• _Your instructions_
A partial copy is required: transcribe exactly the lines from the one containing "Bluebell Lace Trim" through the last line below, without any pictures.

Top of Dataset section

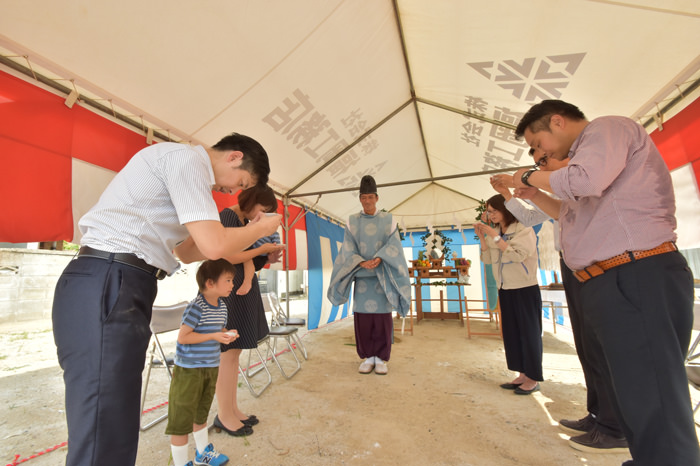 「那珂川市02」注文住宅現場リポート①【地鎮祭】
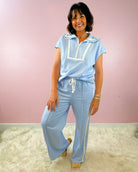 Bluebell Lace Trim Lounge Set - Jessi Jayne Boutique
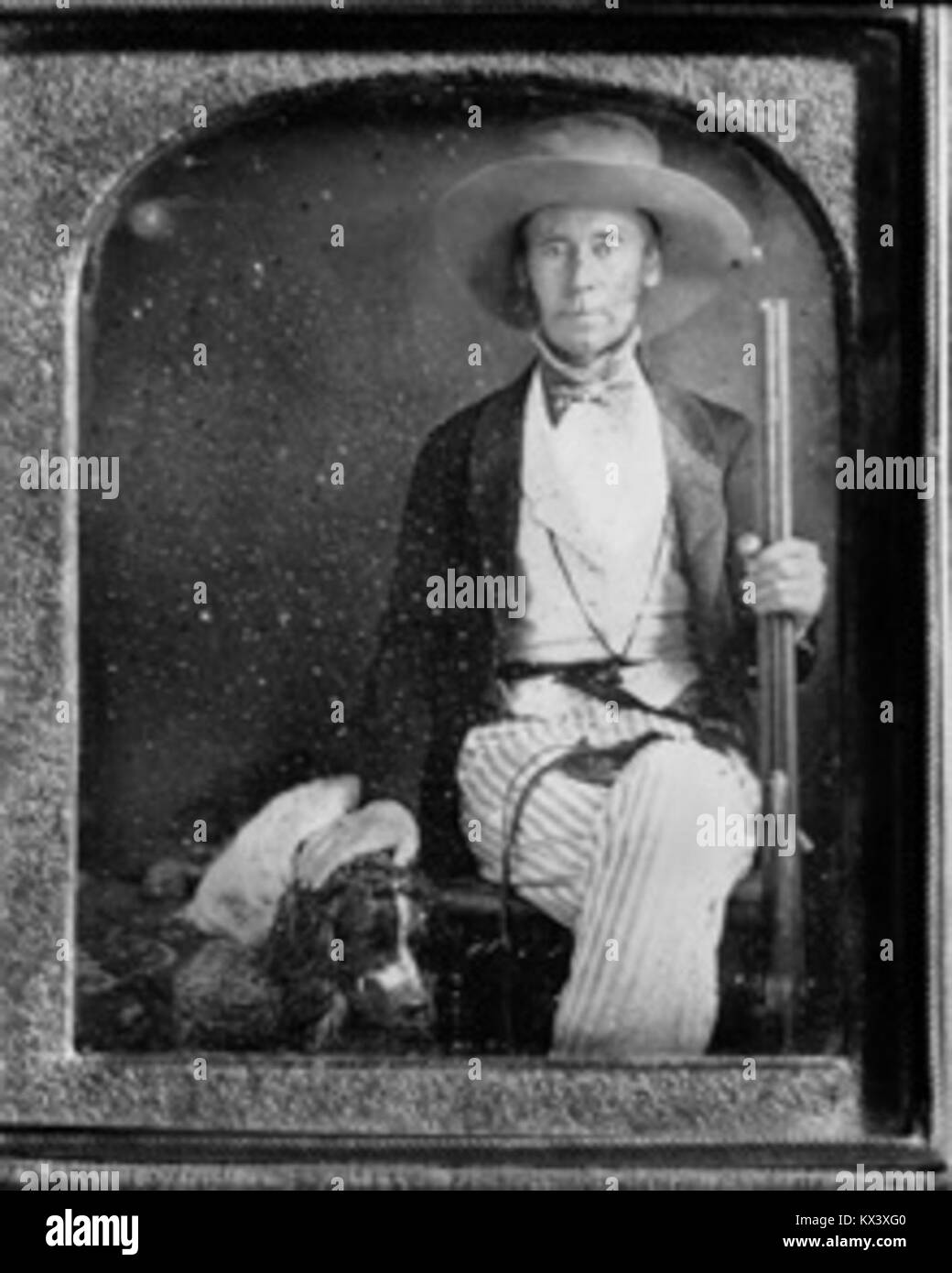A daguerreotype from 1840 captures John Armstrong Jr., an influential ...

Bottom of Dataset section

• _Answer section_
 Bluebell Lace Trim Lounge Set - Jessi Jayne Boutique
A daguerreotype from 1840 captures John Armstrong Jr., an influential ...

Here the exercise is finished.